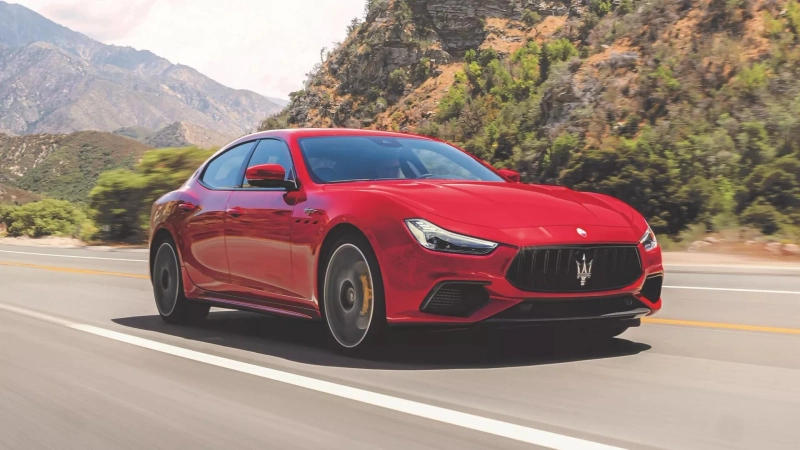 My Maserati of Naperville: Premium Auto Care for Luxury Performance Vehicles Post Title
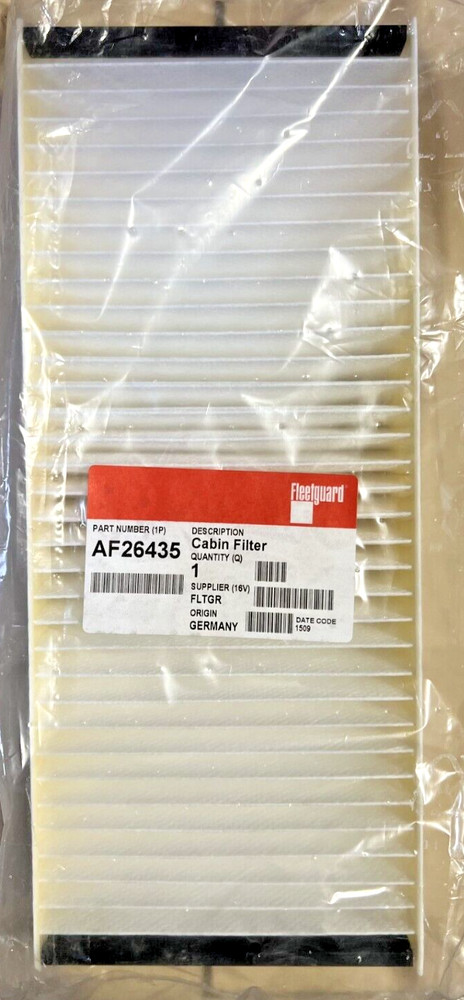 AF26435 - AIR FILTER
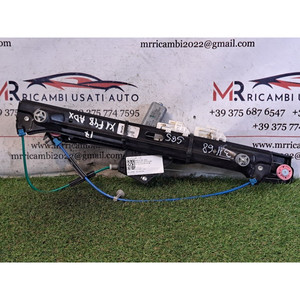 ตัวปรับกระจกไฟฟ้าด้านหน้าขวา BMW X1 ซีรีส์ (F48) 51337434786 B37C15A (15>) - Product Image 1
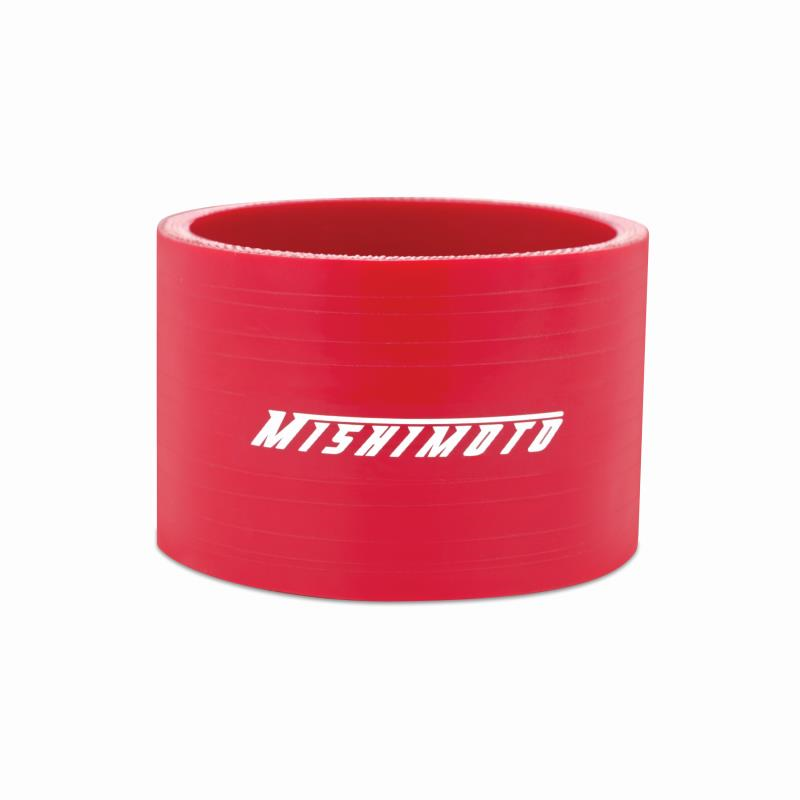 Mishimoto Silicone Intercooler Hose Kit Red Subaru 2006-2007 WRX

(Exercise goal): Leaving the pictures aside, transcribe the entire listing exactly.

(Solution for this task):
 My Maserati of Naperville: Premium Auto Care for Luxury Performance Vehicles Post Title
 AF26435 - AIR FILTER
 ตัวปรับกระจกไฟฟ้าด้านหน้าขวา BMW X1 ซีรีส์ (F48) 51337434786 B37C15A (15>) - Product Image 1
 Mishimoto Silicone Intercooler Hose Kit Red Subaru 2006-2007 WRX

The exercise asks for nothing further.